Two words. Noel Coward. There was a time when music could be both clever and humourous. Blues, jazz and folk musicians knew the benefit of adding humour to their music if they wanted to keep an audience entertained rather than scratching their chins. The classic lyricists of Broadway and Hollywood wrote songs that combined cleverness and wit in equal measure. From the 1960s onwards there came a separation into serious and humourous artists. The serious musicians sometimes attempted humour with disastrous results (witness "Yellow Submarine" or Cream's "A Mother's Lament"). Humourous musicians were not taken seriously (tragically so in the case of the Bonzo Dog Band's "The Doughnut in Granny's Greenhouse"). Popular music and its fans became increasingly po-faced. As always, there are exceptions to this but let's focus on earnest young men with beards and flares rather than Ian Anderson in a codpiece and Rick Wakeman in a cape performing on ice.
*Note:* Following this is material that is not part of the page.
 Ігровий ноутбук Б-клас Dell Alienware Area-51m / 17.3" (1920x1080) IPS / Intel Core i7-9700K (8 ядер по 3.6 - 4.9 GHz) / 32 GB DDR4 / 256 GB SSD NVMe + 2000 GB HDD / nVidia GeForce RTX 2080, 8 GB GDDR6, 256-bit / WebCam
Music had to be heavy (to achieve heaviosity as Woody Allen had it). Either in its sound or in its meaning. Artists were either heavy or pop. Led Zeppelin were heavy. Dylan was heavy. Neil Young was heavy. Mud and The Sweet were pop. The new groups that came in the wake of The Sex Pistols were to replace this artificial divide with music that was both serious and fun. But at the outset it was not apparent that this would be the case. The initial punk groups out of London like the Pistols, The Damned and The Clash were deadly serious and earnest. The good-time groups, Ramones copyists and bandwagon jumpers like The Vibrators, The Lurkers and The Stranglers, even when they were pretending to be dumb, were not funny just stupid. UK punk rock was angry and raw but nothing more than that.

Howard Devoto

In 1976, Brian Eno-lookalike and Bolton Institute of Technology student, Howard Trafford (who was to rename himself Howard Devoto), wrote some songs together with fellow student and krautrock fan Peter McNeish (who renamed himself Pete Shelley). They had arranged for The Sex Pistols to play in Manchester and Trafford and McNeish wanted to form a band so that they too could play at The Sex Pistols concert. And obviously they needed some songs to play.
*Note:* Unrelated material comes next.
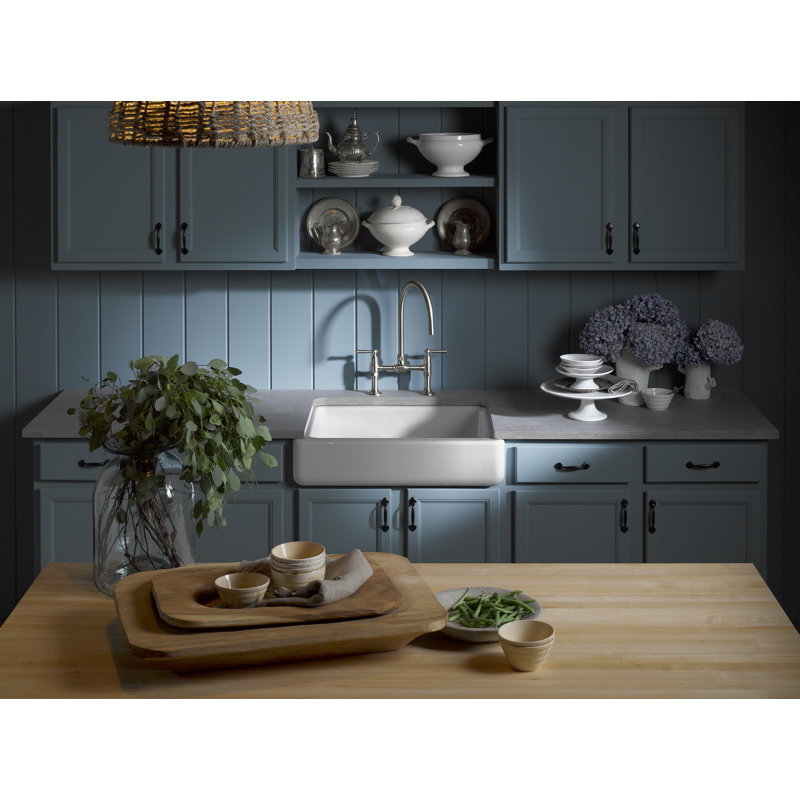 Whitehaven 30" L x 22" W Farmhouse Kitchen Sink, Almond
Trafford and McNeish had already travelled to London to see some of the punk groups play so they were familiar with the short, sharp nature of the music. It would have been easy for McNeish to produce facsimile copies of the London music as so many other groups were later to do. However, McNeish was a fan of experimental music and managed to produce tunes that were compositionally and melodically interesting. In particular, one song was based on a recurring riff combined with a two note guitar interlude that sounded like something the German experimentalists Faust were producing two or three years earlier. All it needed was for Trafford to sling a few angry phrases together to shout over the top and, presto, another song.

Boredom

Nowhere. Boredom. By the time Jamie Reid used these as destinations for the buses on the back sleeve of The Sex Pistols "Pretty Vacant" single in July 1977 they were already signifiers of punk cliche (although Reid had first used them in 1972 and the Pistols in December 1976). The punks were bored. The Adverts sang about "Bored Teenagers". The Clash said that London was burning with boredom. Punk dilettantes Snatch sang "When I'm Bored". "How Much Longer" moaned Alternative TV like bored kids in the back of the car. Boredom became a pose. Punk bands adopted being bored as a pose, like The Saints on the cover of "(I'm) Stranded".
The (bored) Saints, yesterday
When Howard Trafford wrote a song about boredom his lyric satirised this pose. The scene is hum-drum. London groups complained of being bored yet they lived in London. Imagine studying at Bolton Tech in 1976 if you want to experience real tedium: "I just came from nowhere, and I'm going straight back there".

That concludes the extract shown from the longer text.